1996-06-29 - anonymous mailing lists

Header Data

From: JMKELSEY@delphi.com
To: cypherpunks@toad.com
Message Hash: 7cb305a7bfd0bcca0060cbfcf3000f38a7b4c2d88927063cbd9b35a13bdc9a96
Message ID: <01I6GF62YWG291VYF3@delphi.com>
Reply To: N/A
UTC Datetime: 1996-06-29 04:09:15 UTC
Raw Date: Sat, 29 Jun 1996 12:09:15 +0800

Raw message

From: JMKELSEY@delphi.com
Date: Sat, 29 Jun 1996 12:09:15 +0800
To: cypherpunks@toad.com
Subject: anonymous mailing lists
Message-ID: <01I6GF62YWG291VYF3@delphi.com>
MIME-Version: 1.0
Content-Type: text/plain


-----BEGIN PGP SIGNED MESSAGE-----

[ To: Cypherpunks ## 06/28/96 04:34 pm ##
  Subject: anonymous mailing lists ]

>Date: Fri, 14 Jun 1996 02:15:03 +0000 (GMT)
>From: Ecafe Mixmaster Remailer <mixmaster@remail.ecafe.org>
>Subject: Hackerpunks and C2

>The proposal for a Hackerpunks nym based mailing list is
>interesting, however, there are some concerns regarding the
>susceptibility of the list to traffic analysis.

I was thinking about attacks that can be carried out on remailers in
general, and came up with something that is potentially pretty
nasty, especially for anonymous mailing lists and people who post a
lot of stuff anonymously using ``nyms.''

Let's imagine an anonymous remailer network as a ``black box'' which
functions perfectly.  Messages (broken into equal-sized packets and
strongly encrypted) are sent into the network by the sender, and at
some later time, they come out at the receiver.  Let's assume there
is no possible way for an attacker to trace a message through this
network.  Now, we still have to deal with two more issues--mail goes
into the network, and comes out of the network.  At those two
points, there is trafic analysis available.  Specifically, we can
see how much data goes over the line.  (Naturally, if it's
encrypted, we can't tell how much of it is real data and how much is
padding.)

Generally, when we're attacking this system, we're trying to figure
out either the sender or the receiver of a message (or a sequence of
messages), based on what we can observe coming into and going out of
the network of remailers.  There are basically five scenarios:

1.   The sender wants to know who the receiver of his message is.
2.   The receiver wants to know who the sender of his message is.
3.   An outsider wants to identify the sender of a message.
4.   An outsider wants to identify the receiver of a message.
5.   One receiver of a message wants to know who the other receivers
     of the message are.  (This is the case for anonymous lists.)
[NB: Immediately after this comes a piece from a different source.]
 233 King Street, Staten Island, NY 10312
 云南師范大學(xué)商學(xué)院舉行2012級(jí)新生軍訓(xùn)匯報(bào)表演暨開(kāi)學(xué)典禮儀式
Now, there are a couple of different ways these attacks can be
carried out.  Usually, I've seen people talk about ``tracing''
attacks, in which a message is traced from one side of the network
to another, without any clear idea of who might be on the other
side.  However, I think a more realistic situation is to imagine the
attacker trying to test the hypothesis that some person is on the
other end of the anonymous transmission.  If relatively few people
regularly send or receiver anonymous e-mail, then this is practical
for many kinds of test.  It's even more practical when we're dealing
with relatively small populations of interested people in some
technical subject.  (This is conceptually similar to the
``dictionary attack'' on passphrases.)  Basically, what we're
looking at, in that case, is some test which (with some reasonably
high probability) determines whether some person is the sender or
receiver of a given message or stream of messages.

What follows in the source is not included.